Update: Forgot, the thing about Murdoch.  Apparently Rupert really wants to turn Sky News into a partisan extension of the American Republican party in the worst way, but his son and the people who work there won't let him ruin their reputations and invalidate every single word they say on the air by lying, scheming, distorting the truth, and reporting their opinion as a substitution for fact.

According to evidence given by the media mogul to a British parliamentary committee, the only reason that Sky News is not more like Fox News is that “nobody at Sky listens to me.”

But in a conversation with Norman Fowler, chairman of the communications committee of the House of Lords, the U.K. parliament’s upper house, Murdoch said he’d like Sky News to be more like Fox News to make it “a proper alternative to the BBC.” This, presumably, was a reference to the media owner’s belief that BBC News contains an inherent liberal bias.

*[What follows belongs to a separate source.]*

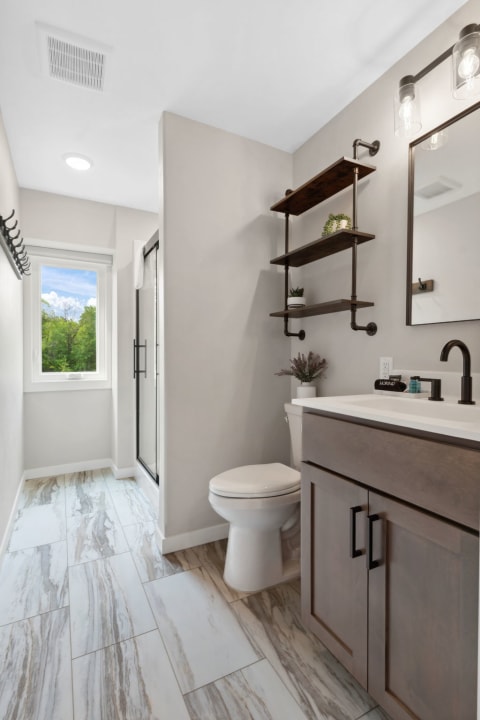 Contemporary bathroom with a shower, vanity, and natural light from a window.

Have you ever noticed how you never hear crap like that coming out of mouths of actual liberals? You never hear them say "Gee, when I'm going to be President, I'm going to stuff the Supreme Court with liberals just like me!" You don't hear them demanding liberal alternatives to conservative commentators - they want actually fair and balanced content that calls it down the middle. Conservatives aren't like that.

They want bias, bias in their favor, and hate anything and everything that doesn't toe the line - their line. Perhaps not all of them, but it doesn't take all of them. It only takes a precious few who sit at the top of the power structure. People like Murdoch.

Something to think about, my British friends. Do you want this man to poison your culture and your news like he did ours?